法があれば不正が行われないわけではない。
チャノス氏は同法以降もいくつも企業不正をテーマに空売りを続けてきた。
外部資金を預かるヘッジファンドを引退した今も、メディアから声がかかる。
いくつかの大学で金融詐欺の講義を持っているチャノス氏は、企業による不正の傾向について語る。
(経済・市場)サイクルが長く続けば続くほど、価格の観点でばかげたものになるだけでなく、企業の違法行為はよりひどくなり、それが受け入れられてしまう。
チャノス氏は、上昇サイクルが価格や不正を醸成し、ついに人々の警戒心さえ拭い去ってしまうと考えているのだ。

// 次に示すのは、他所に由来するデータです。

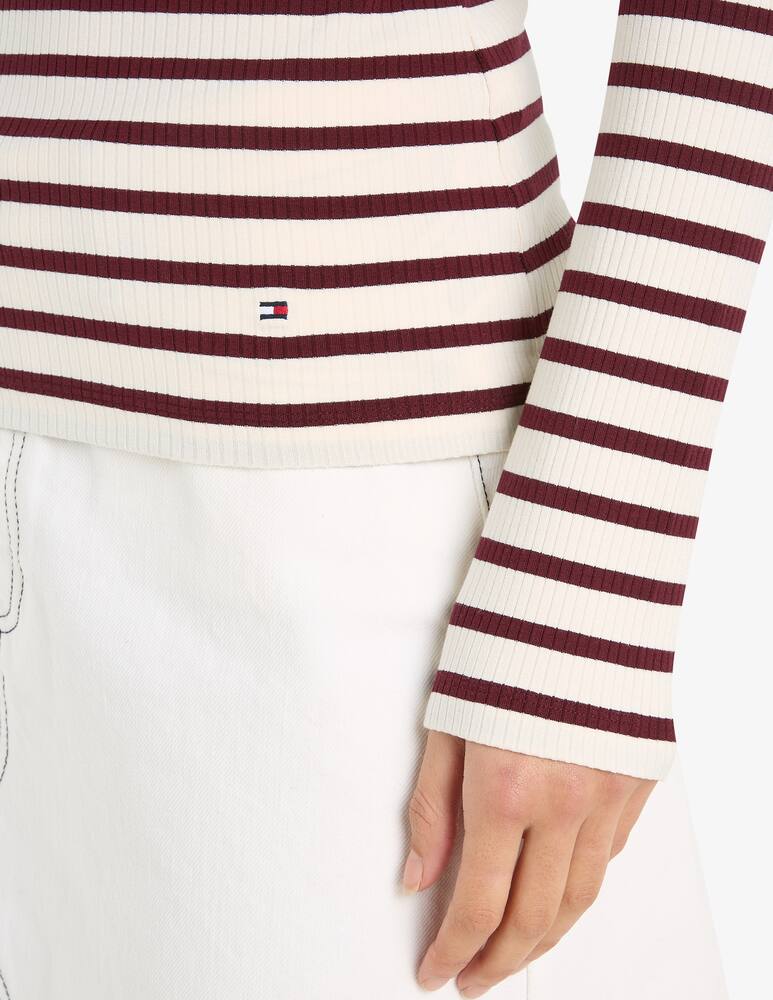 rinascente Tommy Hilfiger Mgalietta a manica lunga slim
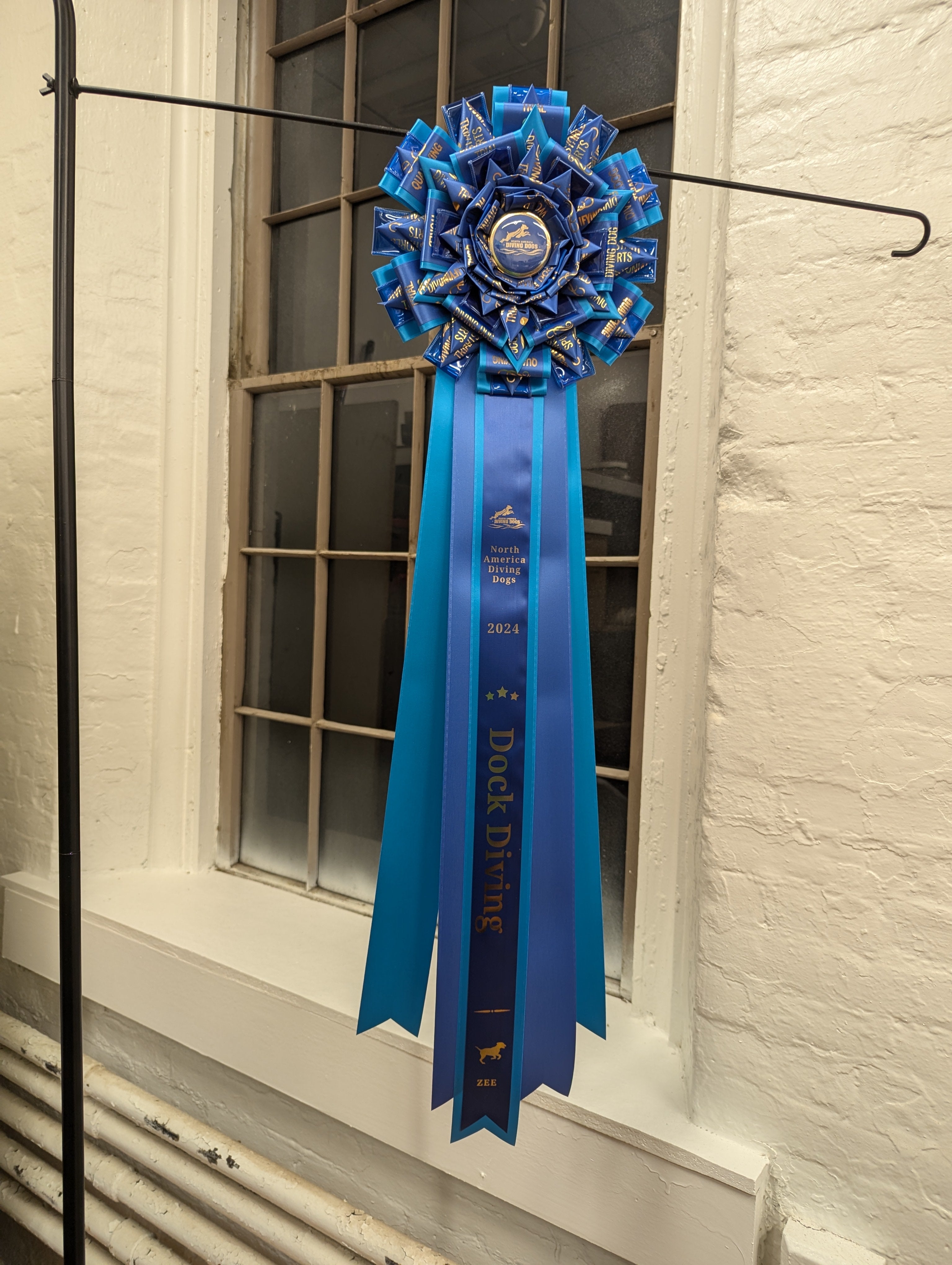 Custom Award Rosette Deposit - UPCYCLING - READ ENTIRE DESCRIPTION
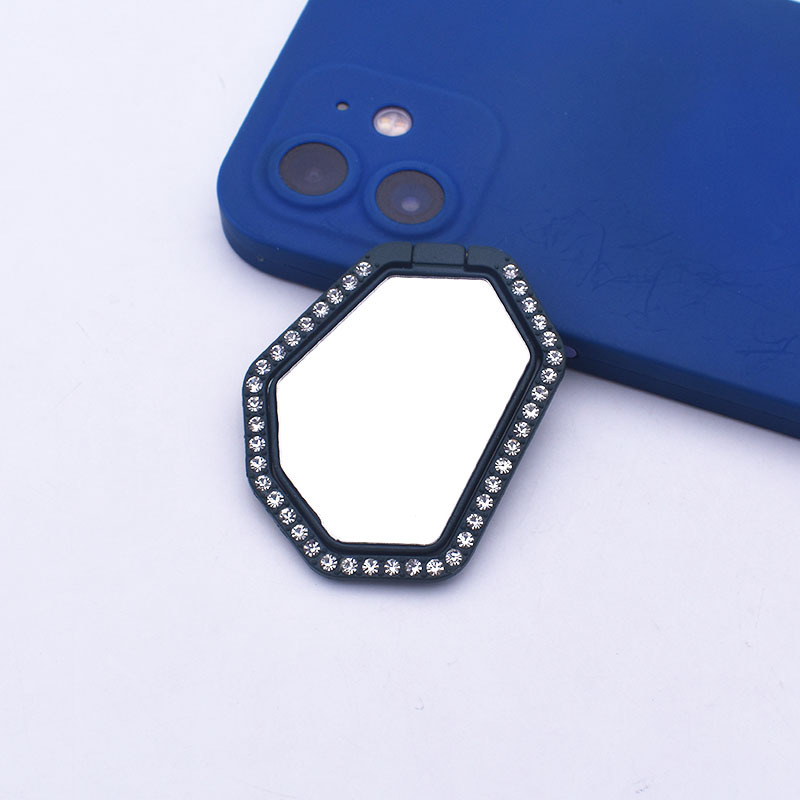 SOURCE Shunhong gyűrűs tartó mobiltelefonhoz, cink ötvözet, univerzális kompatibilitás, modell 031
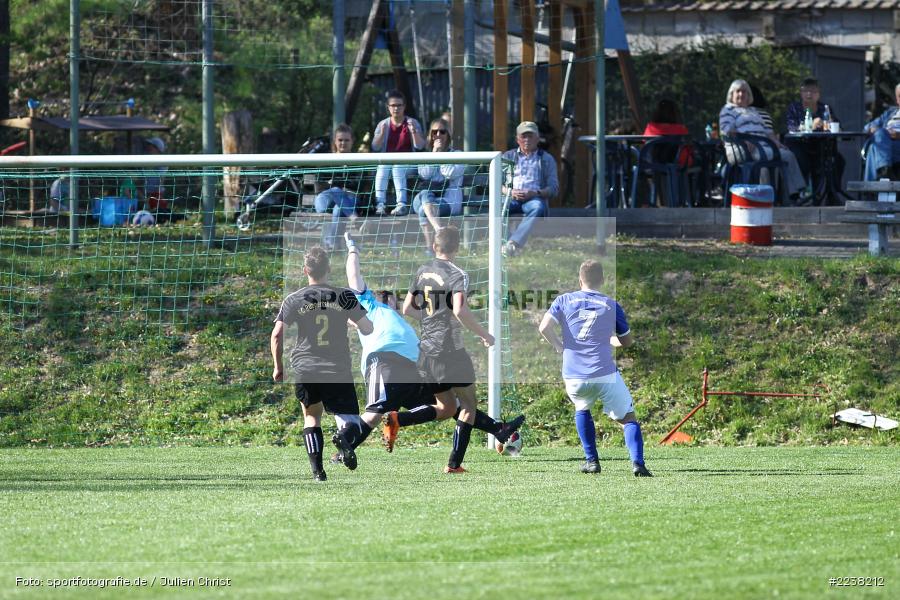 Dylan Wells, Kreisklasse Würzburg, 20.04.2019, FC Ruppertshütten, FV Wernfeld/Adelsberg - Bild-ID: 2238212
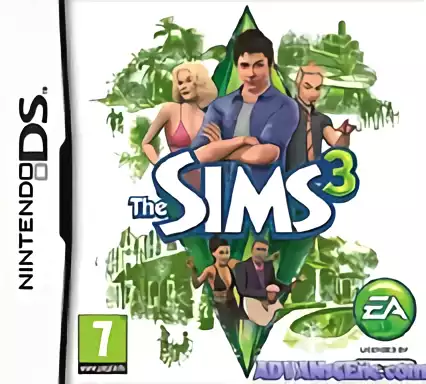 ROM Sims 3, The (DSi Enhanced)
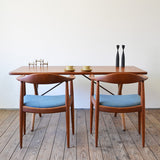 Hans J. Wegner X-leg Table 209D859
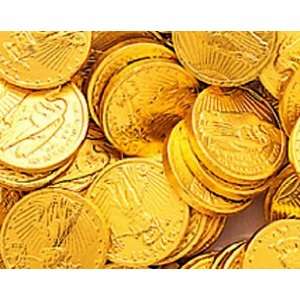 Medium Gold Coins 10 LBS  Grocery & Gourmet Food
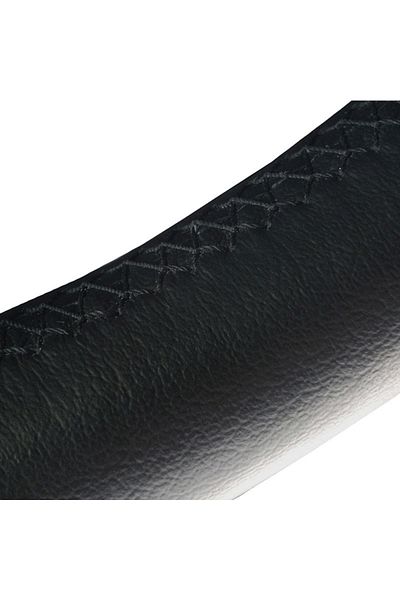 Umbrella HUSA VOLAN CU SNUR PIELE NATURALA NEGRU 37-38 cm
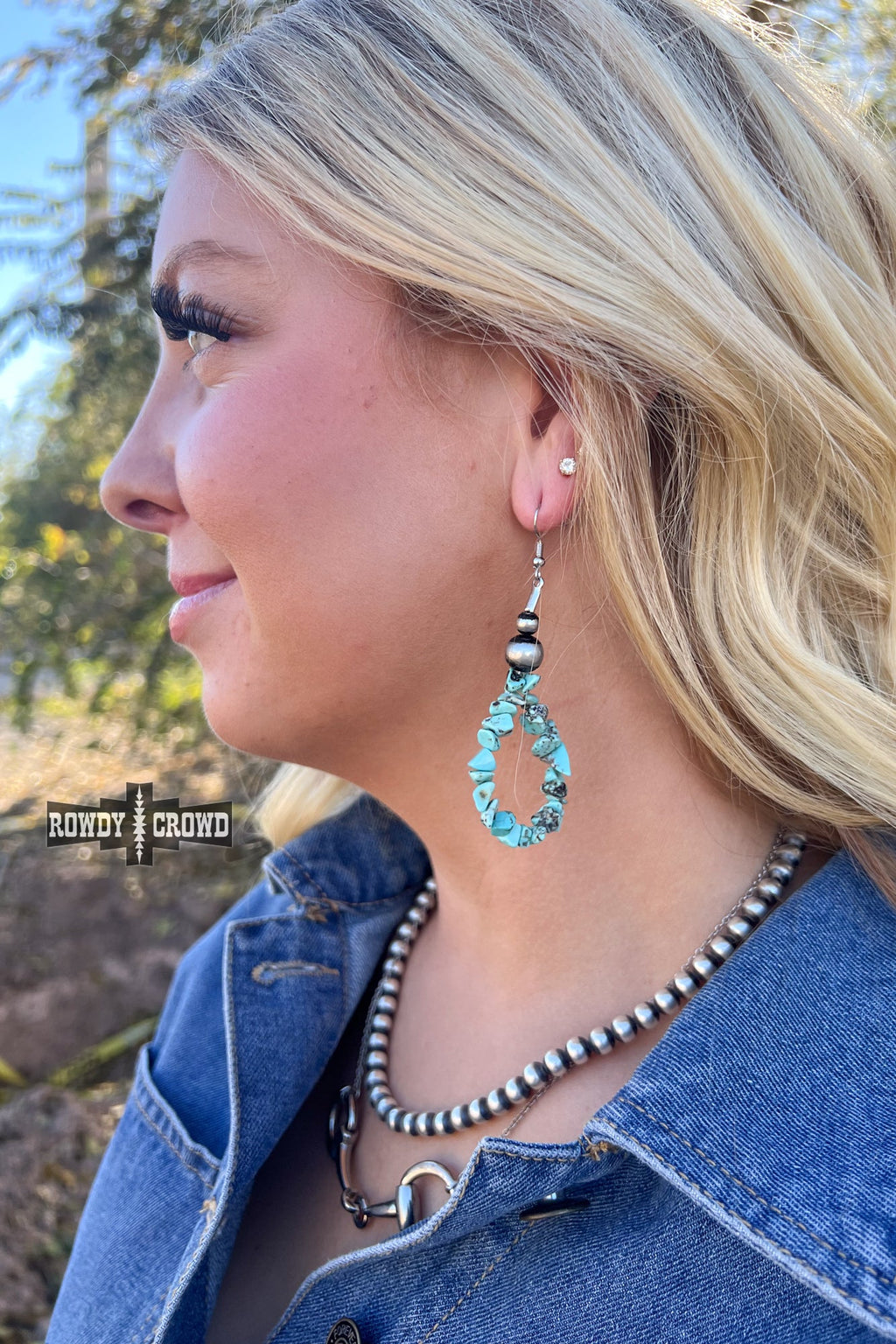 DS Way Out West Earrings by Rowdy Crowd Clothing - product image 3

リーマン危機後では、2021年にこうした土壌がピークとなったという。
そして今、これが再燃しそうだという。
「2023年終わりと2024年はまた勢いづいているようだ。
先週あたりからドナルド・トランプのSPACが300%上昇している。」
昨年終わりFRBが利上げの終了を匂わせる発言をしてから、リスク市場は再び上昇トレンドを続けている。
チャノス氏が言及したSPACはDigital World Acquisition Corp(DWACU)。
先月、トランプ氏のSNS「Truth Social」の親会社Trump Media & Technology Groupと合併すると発表している。
チャノス氏が言及したのは不正うんぬんではなく、ある種の熱狂のことだろう。
そして、熱狂のあるところ、脇の甘い人が増えていく。
チャノス氏は、世間の現実として、不正・誇大な会社・事業に長く人が集まることがあり、それに周期性があると話した。
景気拡大・強気相場が長く続くほど、それら終期に多くの投機が行われることになる。
長くなるほど、人々の不信感や懐疑心は削がれていく。
伝統的な価値の尺度は重要でないと考え始める。
その尺度のせいで、隣の人は儲けたのに自分は儲けられなかった、と。
サイクル終期では、真実にしてはよすぎることを信じるようになる。